When I first read the term, I was confused. When I first read the tumblr about it, I was fluctuating between disgust and amusement.
Now that I'm thinking about it, I think they have the term right. 1000 microaggressions makes a milliaggression, and 1000 milliaggressions form one standard aggression.
Since most of us deal with dozens of aggressions each day, this provides a proper reference frame for just how blatantly sheltered and whiny anyone who counts microaggressions must be. Yes, all of you counting microaggressions, you can take my derision and disgust at your fragility as 1.13 milliagressions.
There are far to many people walking around in a fog of narcissism thinking that everything is about them. Take, for example, that pretentious asshat that is Bono commenting on the Paris attacks saying that the terrorists were targeting music. News flash, Bono, this isn't about you.
Microcomplaints may make a mountain out of a mole hill, but it may also give management (or at least someone higher up the food chain) and opportunity to earn back business.

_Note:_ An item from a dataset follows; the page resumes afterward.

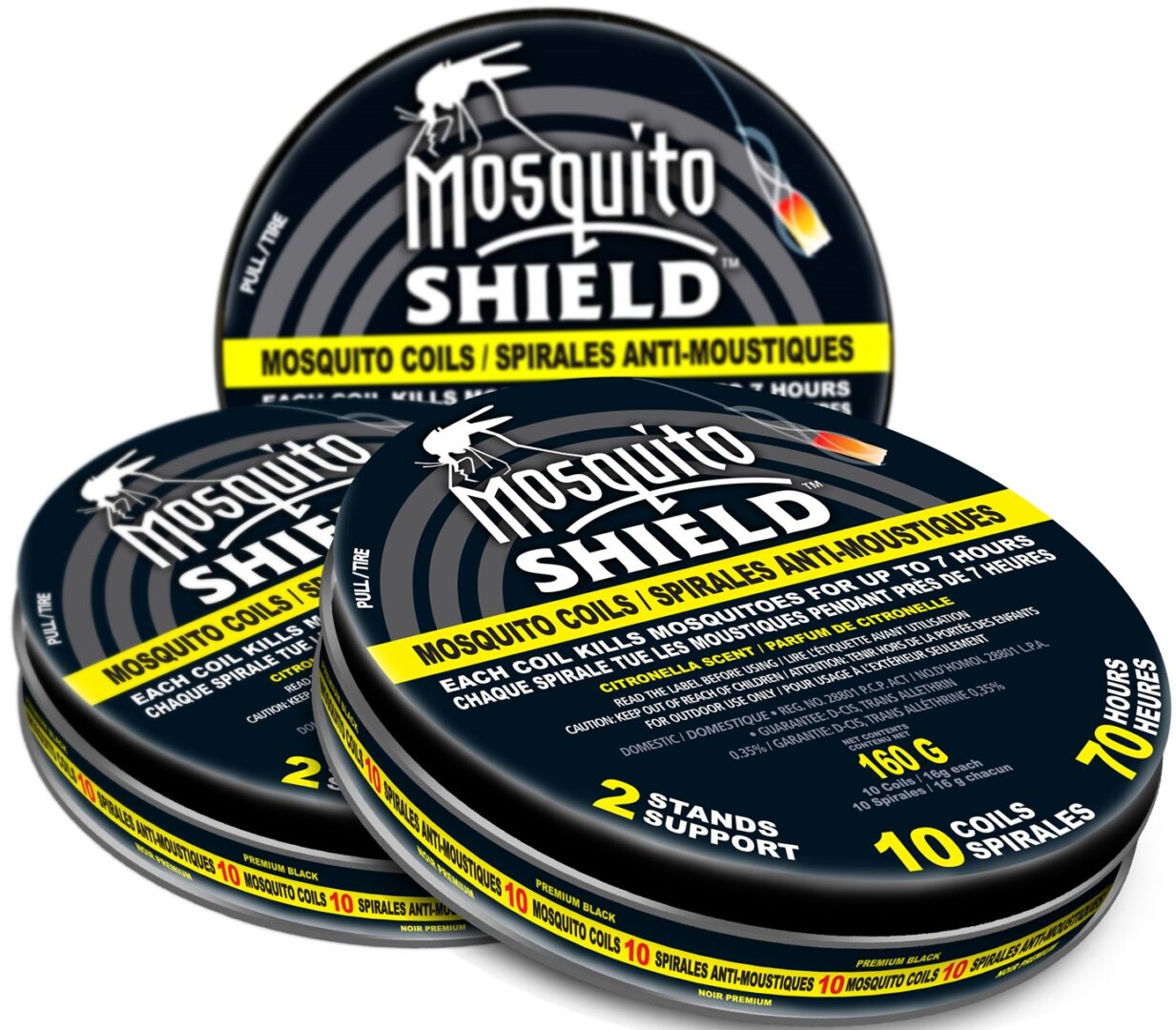 MOSQUITO SHIELD™ MOSQUITO COILS TIN 60 hrs 160g - Image 2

Several years ago I ordered a mattress online at Sam's club. I waited for it to be delivered. And waited. And waited. After missing several dates it turns out that their vendor screwed up the order and it never even went into manufacturing despite being told that it had really been shipped. None of the CSRs at Sam's club or the vendor really cared about me or gave me any options other than keep waiting. Walmart Corporate got a hold of me after I posted several microcomplaints online and satisfied my situation much in my benefit within a few hours. Instead of losing my business forever (especially since a Costco just recently opened, they earned it back).
Social media has created a new scary norm where that "nationwide media frenzy" (mob mentality) is the prosecutor, jury, and judge and your employer's fear of reputational risk is the executioner.
It doesn't matter if you are right or wrong. Logic doesn't apply - only perception management.
The new, widely-embraced form of discrimination is having an opinion different than that of the mob. Our laws need to adjust to form adequate civil protections.